Lo que quedará de esos estragos críticos serán sólo otros errores, adornados con virtudes morales pero, una vez quitada la película que los recubre, vengativos como lo fueron las Harpías y las Erinias, que, menos rutilantes que en el pasado, tienen su sitial en esas nuevas ligas de la virtud, donde la "benevolencia" por cualquier cosa se combina con el odio a sí mismo —menos individual, por lo demás, que colectivo; el moralista aprecia aún, como escribió La Rochefoucauld, el desprecio por sí mismo.
Nuestra lengua misma, que nos posibilitaba reinventarlo todo en medio de los peores desastres, está desfigurada y envilecida. El resentimiento marca el tono de toda ideología, y la alegría, entregada al mutismo, cede la palabra —la logorrea, deberíamos decir— a la queja y a la envidia. No basta con decir que esta época penal, penada y punitiva, ya no honra a los dioses, que son poderes; en realidad, se esfuerza por destruir en nosotros todo rastro de ellos, todo recuerdo. Un hombre que honra a los dioses está perdido para el culto de la tecnología y las finanzas —esos ídolos de los realistas a los que siempre se les escapará lo Real.
Tiempos oscuros, decíamos, pero se impone un matiz. Si bien nuestros tiempos son oscuros, no es en lo Oscuro de Heráclito donde se aventuran, ni en la sombra de Tanizaki, y menos todavía en la noche de Novalis. No son luces mortecinas de albas o atardeceres las que nos llegan, ya no es ni siquiera el Untergang, la crepuscular decadencia, a la que Baudelaire le encontraba su encanto y Oswald Spengler su necesidad, sino un nudo negro que se anuda en nosotros bajo la luz scialítica, como en un quirófano, del control universal. Este mundo es tan enemigo de las gloriosas epifanías como de las sombras secretas. En su odio por lo secreto, perfecciona lo que llama "progreso", que no es sólo, como escribió Cocteau, "el progreso de un error", sino el del achatamiento, el de la planificación global de los seres y las cosas.

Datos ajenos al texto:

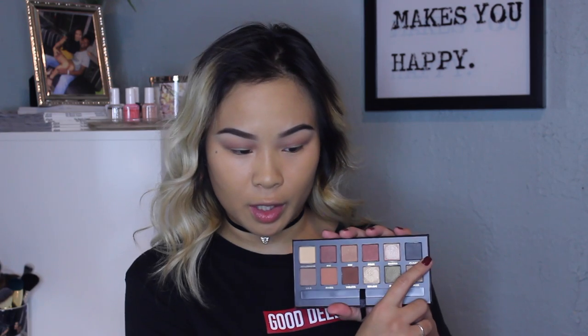I'm going to blend it all out again with the Anastasia fluffy brush. I think I'm going to do kind of a halo-y eye — I'm going to go in with Claudia, this really pretty shimmery blue color on the corner. I'm going to be using the Morphe M433 and just place this on the inner and outer corners of my eye for that halo effect.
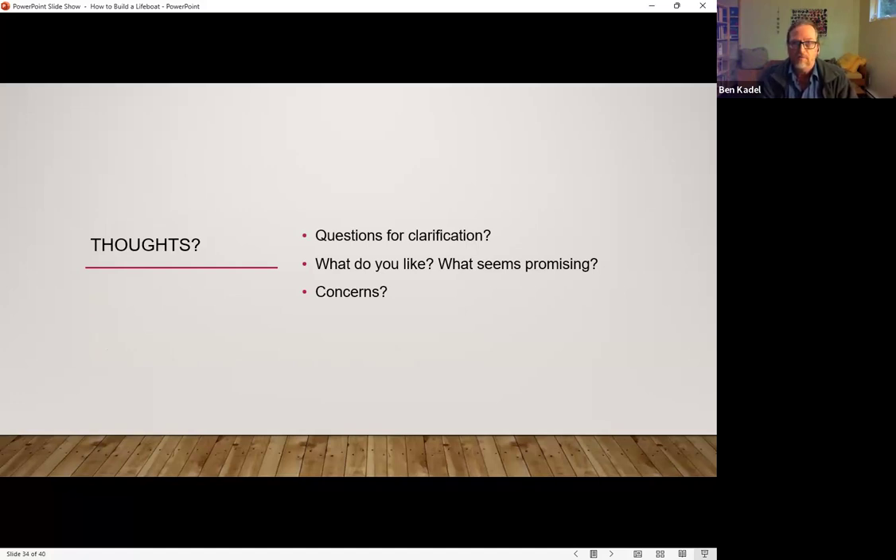That is basically what we are presenting and what we are supporting. So, first opportunity for questions, comments, and concerns. I'm going to keep the recording going because the questions might be really useful. I'll go around the circle. Ronnie, comments and questions?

El mensaje es claro: "Ustedes, que aún se distinguen por algunas fidelidades a las antiguas sapiencias, de las más humildes a las más altivas, se van a morir y dejarán únicamente, de eso nos ocupamos, la posibilidad de ser remplazados, al principio por bárbaros, y una vez que estos últimos hayan hecho su trabajo, por una ciber-humanidad, aumentada, chipeada, controlada. Desaparezcan cuanto antes, Hombres Antiguos, con sus vicios y sus virtudes entremezcladas, con sus sueños, sus ritos, sus canciones, sus reminiscencias, su tiempo ha pasado, están atascando las autopistas de la Información, están ralentizando los flujos financieros; el apego que ustedes tienen a sus tierras, sus cielos, sus obras, es una ofensa al Mejor de los Mundos; nosotros los haremos desaparecer porque somos el Bien en hipóstasis, somos el futuro sin Providencia, nuestra Benevolencia nos da el derecho y hasta el deber de matarlos". Conocer el discurso de las fuerzas contrarias, lo que pretende hacer con nosotros, es el primer viático, el que nos permite atrevernos a seguir un camino fuera del sendero común, una huida legítima.
La acusación permanente de toda belleza y de toda grandeza no es un accidente de la Historia, sino, de ahora en adelante, su significado. Así, tendremos que escapar de la Historia, pero no de la memoria; entrar en los secretos del Tiempo, que no es esa cosa lineal que querrían hacernos creer que es. La experiencia, por muy peligrosa que sea, es salvífica. Será lo que fue para Dante la "salutación angélica" a Beatriz. Cierta luz lateral encendida a su paso por la verdad secreta de los colores toca de repente nuestra frente y nuestros párpados, de modo que, incluso con los ojos cerrados, la percibimos, y el suave foco de oro que despierta en nuestras pupilas anuncia una Vita Nova, una vida nueva, o más exactamente, renovada. El tiempo vuelve a su base, que es el ritmo, el latido del corazón, o el triple movimiento susurrante de la ola que siempre vuelve a empezar.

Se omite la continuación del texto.